Saturday Nights all right for Layout Progress

Since my discovery last weekend that I had effectively blocked the CPR staging to the point that it wouldn’t function effectively with the existing closet shelf brackets, I’ve fixed that problem, and moved on with some actual layout building, working on the traversers, laying out elements, and my first mockup building.

Replacement shelf brackets in place, which give me the space to have a full set of tail tracks at both ends of the closet traverser. I have a piece of wood perfectly sized for the one end, I’ll need to get a piece cut for the other if I do want to add more tracks.

One big plus of the problem I discovered last week is that it means I get more staging and run around space in the closet. I don’t know if I will need it or not, but it won’t hurt to have it.  Two metal L brackets later, the storage shelf in the closet is supported, and the tracks are no longer fouled. I’ll need to carefully remove the foam from the one end in the closet to remove the wood and install the new piece, but I have an off-cut from the benchwork construction in August which is the perfect size for the staging in this area.

As I’d noted last weekend, I was using the new rotary cutter I bought to cut cork and foam. The traversers both now have their cork roadbed in place. It’s not glued down yet, no reason other than I hadn’t gotten around to it!

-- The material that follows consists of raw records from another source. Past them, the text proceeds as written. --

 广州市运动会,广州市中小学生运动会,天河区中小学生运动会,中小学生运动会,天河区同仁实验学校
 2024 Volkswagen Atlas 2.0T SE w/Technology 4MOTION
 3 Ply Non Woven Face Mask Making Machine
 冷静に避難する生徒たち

Two shots of the CNR Staging Traverser, now with cork roadbed in place. On the right you can see me mocking up the roads with EVA Foam, which will be the underlay to raise them almost to track height so I don’t have to use as much putty/plaster to create the roads.

I’m doing everything in nice slow stages. Build the benchwork, let it sit and settle a bit, put on the foam, let it sit and settle a bit. Lay the cork, let it sit and be sure before I glue it down. In a few weeks time once my friend is done building switches, then I’ll be motivated to start getting cork glued down so I can actually lay some track. Early 2019 is going to be fun with laying track and then figuring out wiring and DCC to run some trains! I want to have the track laid and wired and running flawlessly before I start any serious scenery work.

I debated back and forth about laying track directly onto the foam instead of using cork, but I decided I wanted to use the cork, as it will raise the track level, which means I can build “foundations” for the buildings that can be blended into the scenery. Liberty village was pretty flat, even between the tracks and the road, but between the cork/track and the EVA sheet raising the roads to basically rail level, it will give me the opportunity to fill the gaps with sculptamold/ground cover materials to create undulations and imperfections so that everything isn’t unrealistically washboard flat.

That said, while I’m not starting full on scenery, I am going to start working on mockups of the buildings for the layout to get a sense of size and scope of the work I have coming in building buildings, and to look for places where the buildings as I’ve envisioned them will block operations.

Brunswick Balke Collender takes shape, in cardboard mockup form. Depth makes such a difference, and quick mockups allow for making decisions before time is spent on finished buildings.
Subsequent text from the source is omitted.